Art history professor Josephine M. Dunn, Ph.D., was named as The University of Scranton CASE Professor of the Year in recognition of her outstanding performance as a faculty member.

      The University of Scranton named Josephine M. Dunn, Ph.D., associate professor of history, its CASE Professor of the Year in recognition of her outstanding performance as a member of the faculty.

      Professors awarded by individual schools are then eligible for further recognition by the Council for Advancement and Support of Education (CASE) at the state and national levels.

      “I can count on one hand the number of truly inspiring teachers with whom I have worked over a lifetime in education,” said Dr. Dunn. “In all ways, I have tried to model them in the classroom. So, this award really belongs to Sr. Margit Maria, Peter Guenther and Irene Winter. I am honored to pass the torch forward as The University of Scranton’s CASE Professor of the Year.”

      Dr. Dunn, a resident of Waverly, joined the faculty at The University of Scranton in 1988, serving first in the Fine Arts Program and now as a member of the University’s History Department. In addition to directing the department’s Art and Music Program, she teaches a wide range of courses and collaborates with art history minors preparing for graduate study in art history, museum studies and historic preservation. An organizer and leader of travel seminars to Italy and Greece, she also arranges trips for students to art museums in New York City, Philadelphia and Washington, D.C.  A member of the Order Pro Deo et Universitate, she collaborated in designing the Individualized Major and now directs the first student to major in art history.

      A strong advocate of local history research, Dr. Dunn designs courses and museum internships for students on the art and architecture of Scranton, the history of women, city planning and urban reform, and oral history. In 2007, she founded the Biennial Regional Conference on Women and History in NEPA, which attracts leading historians to Scranton and provides a platform for students to share their research with the local community. As a Pennsylvania Commonwealth Speaker, Dr. Dunn represents the Pennsylvania Humanities Council throughout the state as a lecturer on extraordinary and largely unrecognized women in regional history. In May 2010, her lecture will be filmed for PCN TV’s “Humanities on the Road.” She has written two books: Waverly and the Waverly Community House (2008) and The Women of Scranton: 1880–1935 (2007), which she coauthored, as well as a history brochure entitled Legendary Ladies: A Guide to Where Women Made History in Pennsylvania, Northeast Mountains Region, which was published by the Pennsylvania Commission for Women in 2008.

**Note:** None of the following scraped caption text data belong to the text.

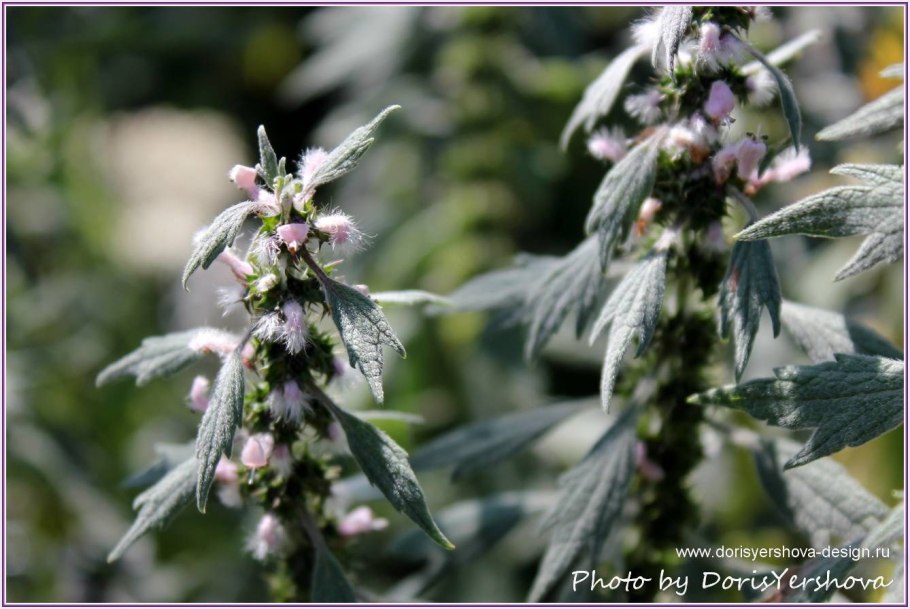 Leonurus quinquelobatus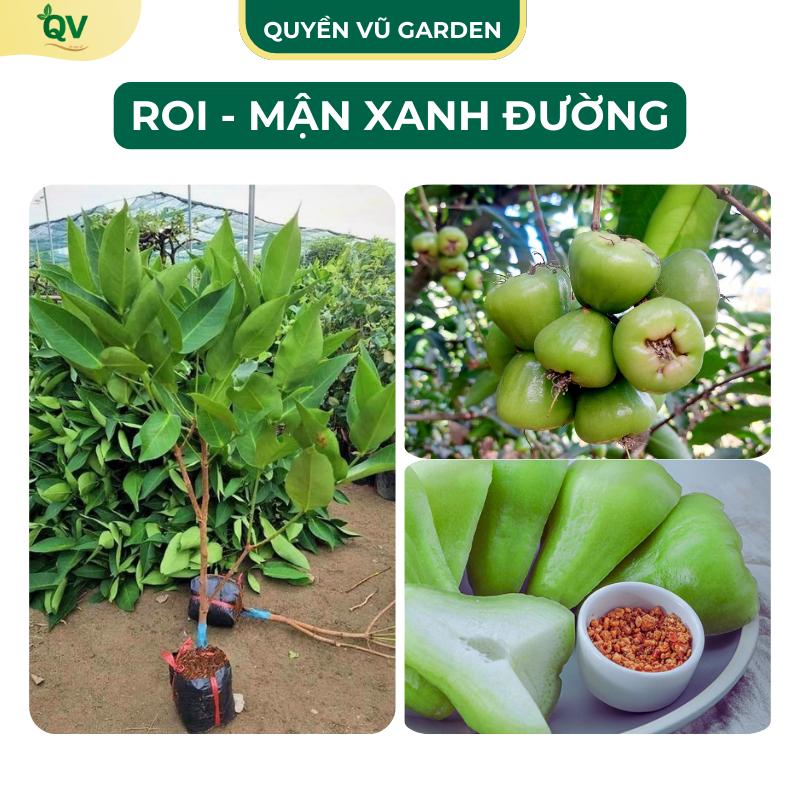 C258 Cây Giống Mận Xanh Đường Cây Roi Xanh Giống Chuẩn Cây Khỏe Năng Suất Cao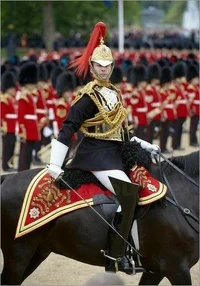 British Royal Guard
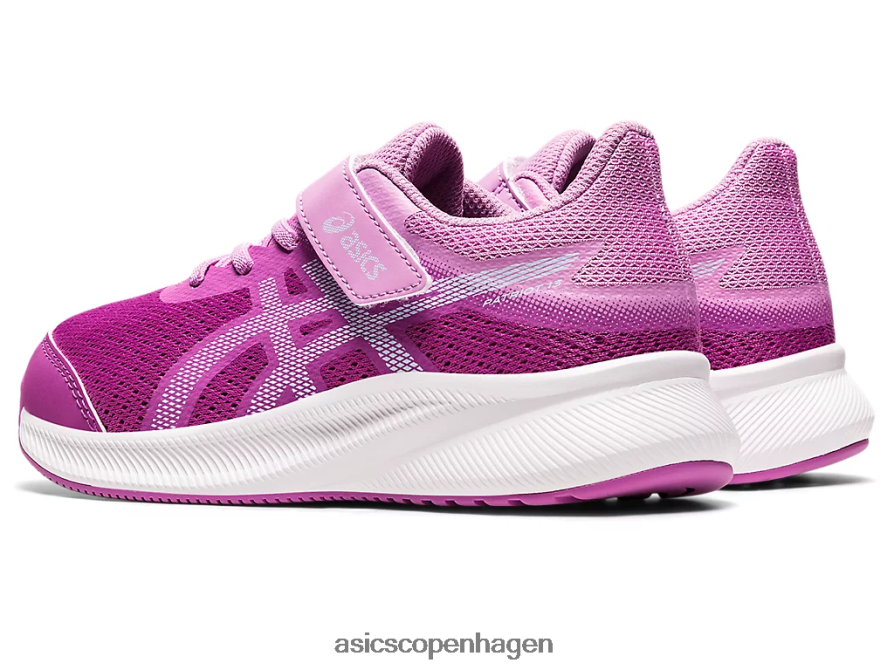 Asics patriot 13 førskole orkidé/blød himmel Z206F64438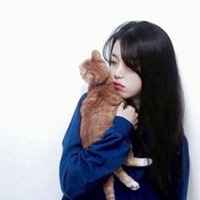 欧美男生抱英短猫头像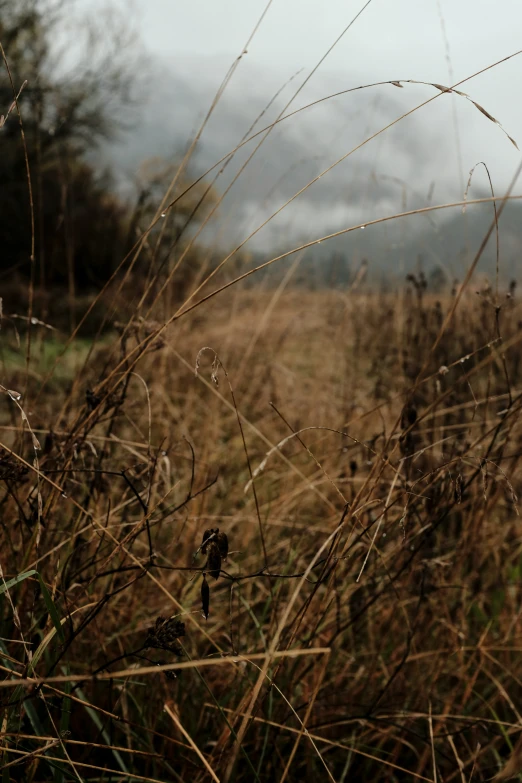 a field with some grass and bushes in the background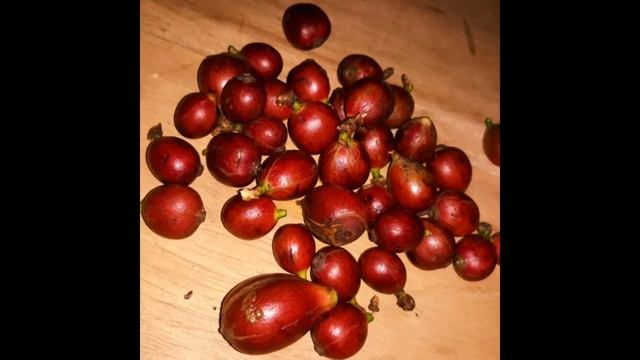 Liberica Excelsa Arabica Robusta that we've proccesed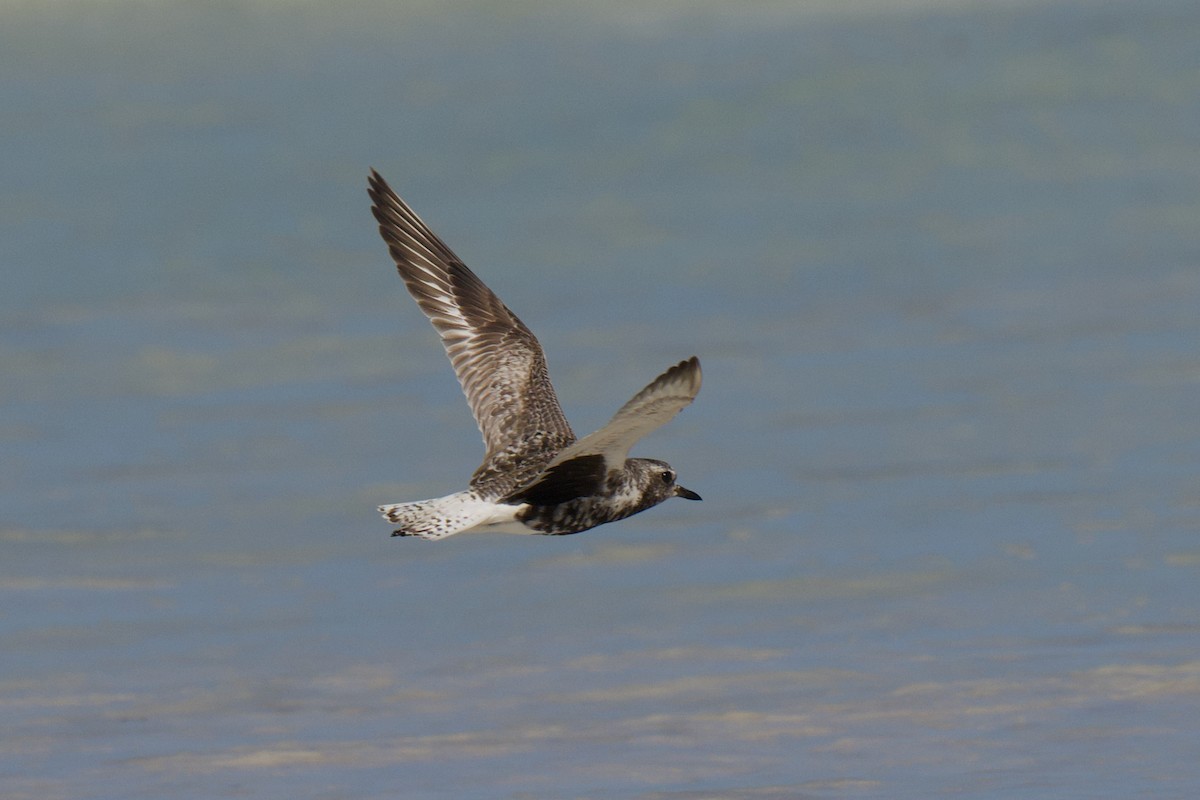 Black-bellied Plover - Alfred & Hidi Lau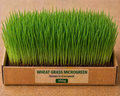 Wheat Grass Microgreens 100 gm Pack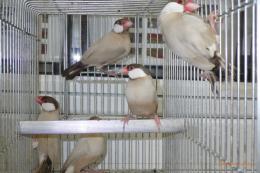 KOT-2829　シナモン文鳥　雄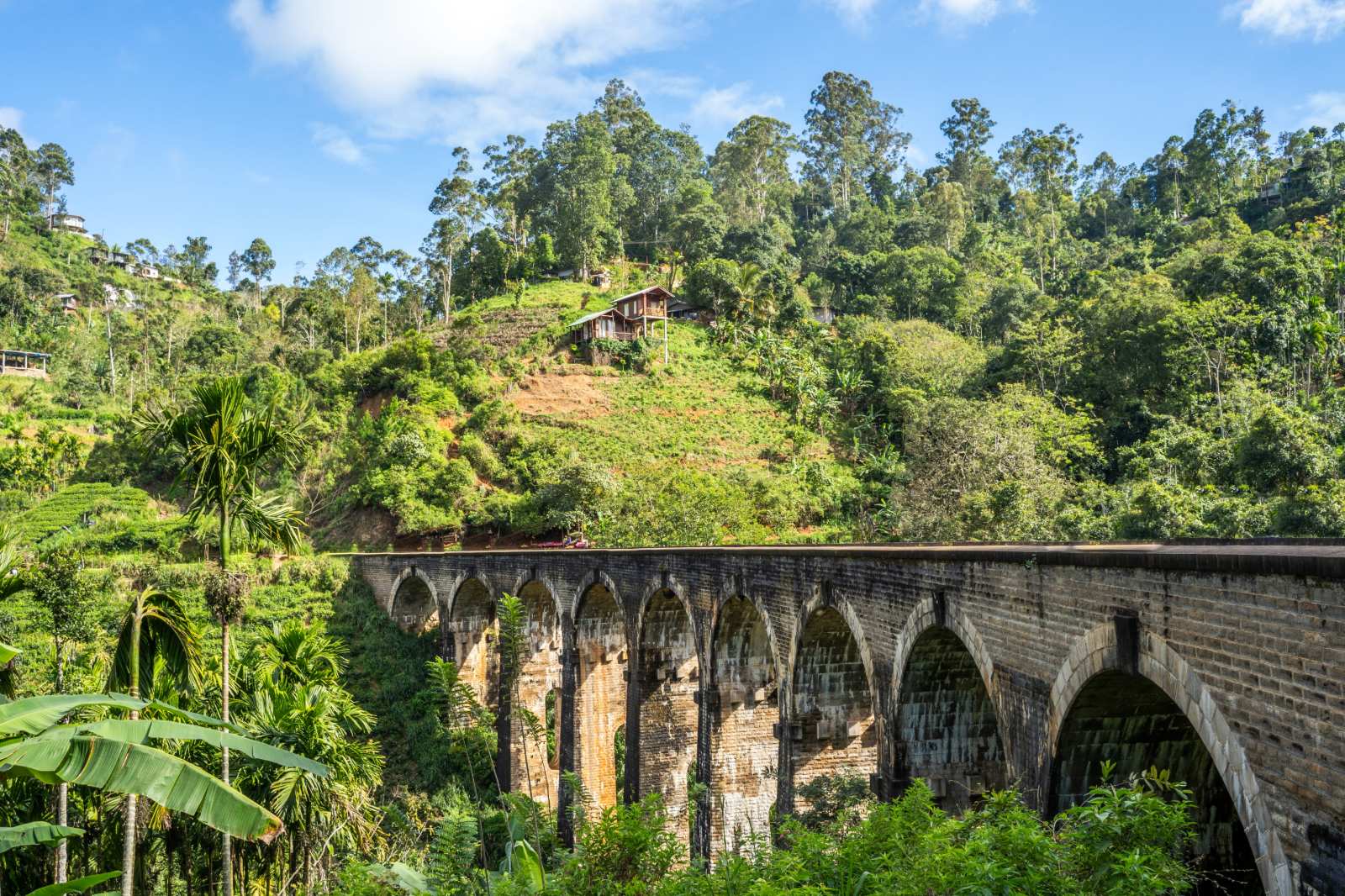 Green inter-monsoon landscapes in Sri Lanka during October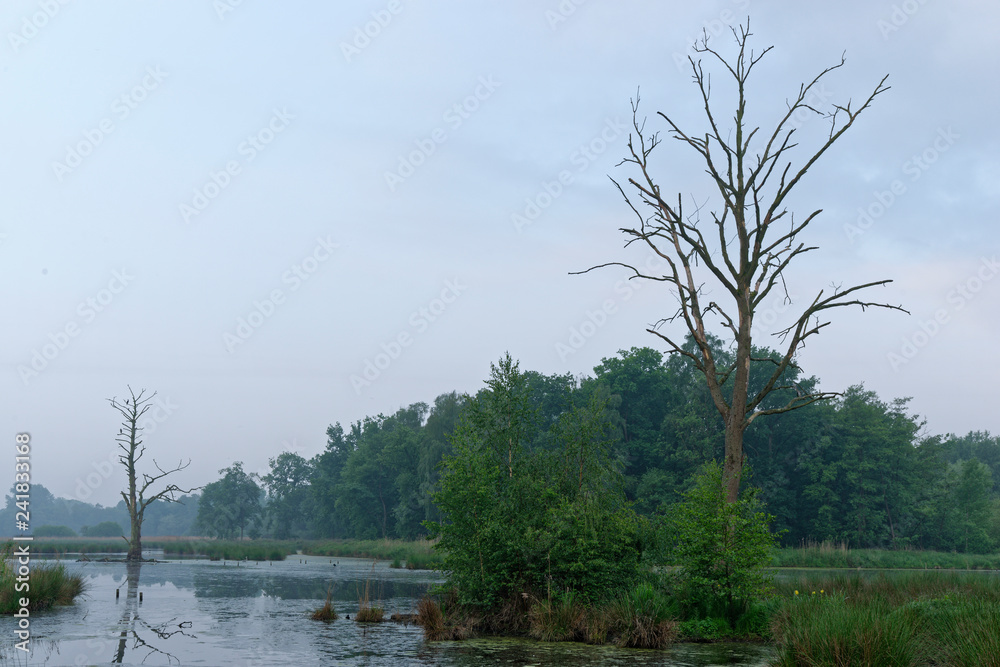 Obraz premium abgestorbener Baum im See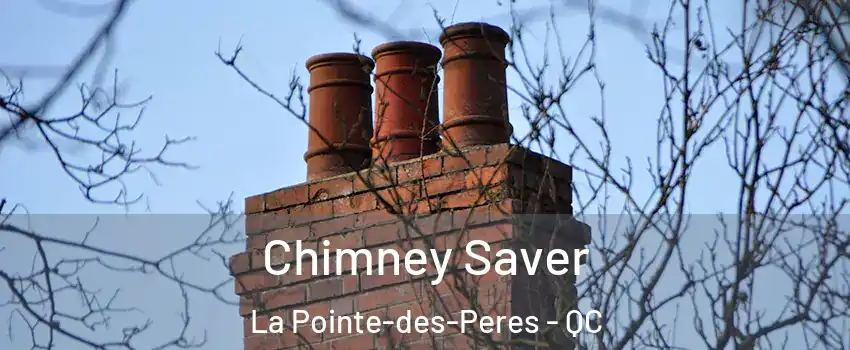  Chimney Saver La Pointe-des-Peres - QC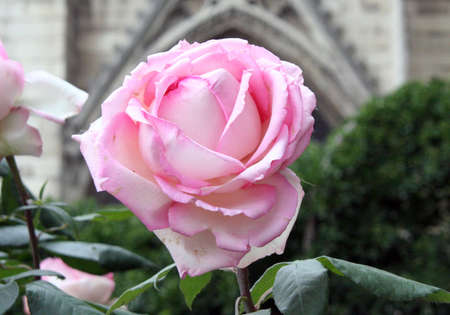 pink rose, Parisの写真素材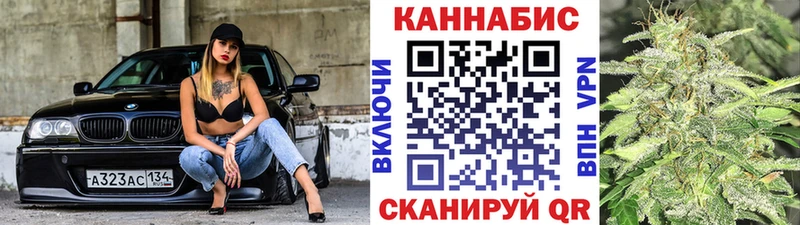 Бошки марихуана сатива  Купить закладки  Губкин 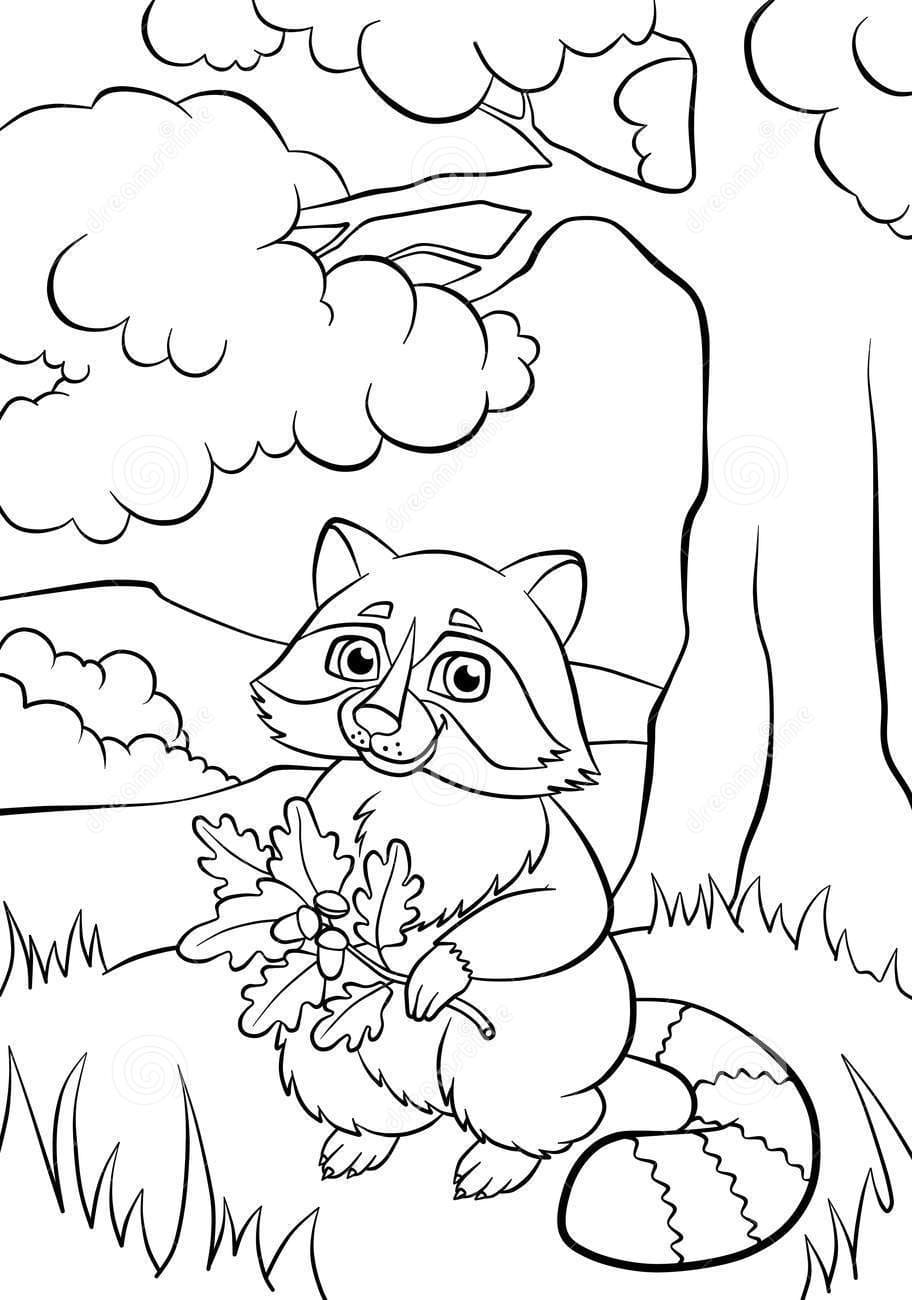 Little Kind Cute Raccoon In The Forest Coloring Page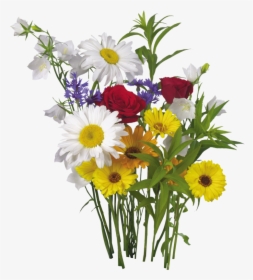 Mi Artista Favorito Es - Colour Flower And White Hd Background, HD Png Download, Transparent PNG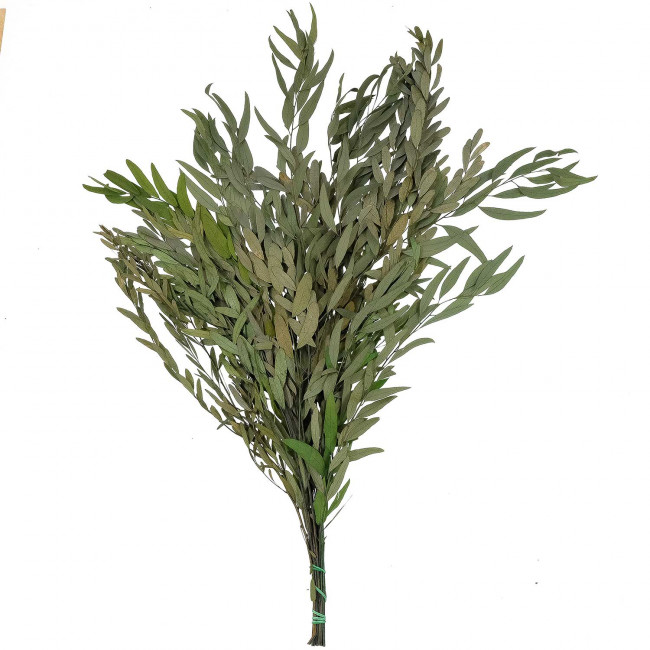 Feuillage d'eucalyptus nicoly vert stabilisé - 75 cm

      During her teaching career, Dr. Dunn has received numerous grants and scholarships: two Fulbright grants to Italy; a Samuel H. Kress Foundation Scholarship at the Kunsthistorisches Institut, Florence, Italy; two National Endowment for the Humanities Summer Seminar/Institutes (Cornell University and Oxford University, England); and many local and state grants. Her articles on Renaissance art have appeared in international journals, and she has twice presented papers at the Medieval International Congress at Kalamazoo, Mich. In 2010, she became an honorary member of the National Jesuit Honor Society, Alpha Sigma Nu.

      Prior to joining The University of Scranton faculty, Dr. Dunn taught art history at Rice University in Houston, Texas, where she won an Outstanding Teacher award. She holds two undergraduate degrees, summa cum laude — a B.F.A. in studio art and a B.A. in art history from the University of Houston, where she graduated as Phi Kappa Phi Distinguished Graduating Senior in the College of Fine Arts and Humanities. She earned an M.A. and a Ph.D. in art history at the University of Pennsylvania.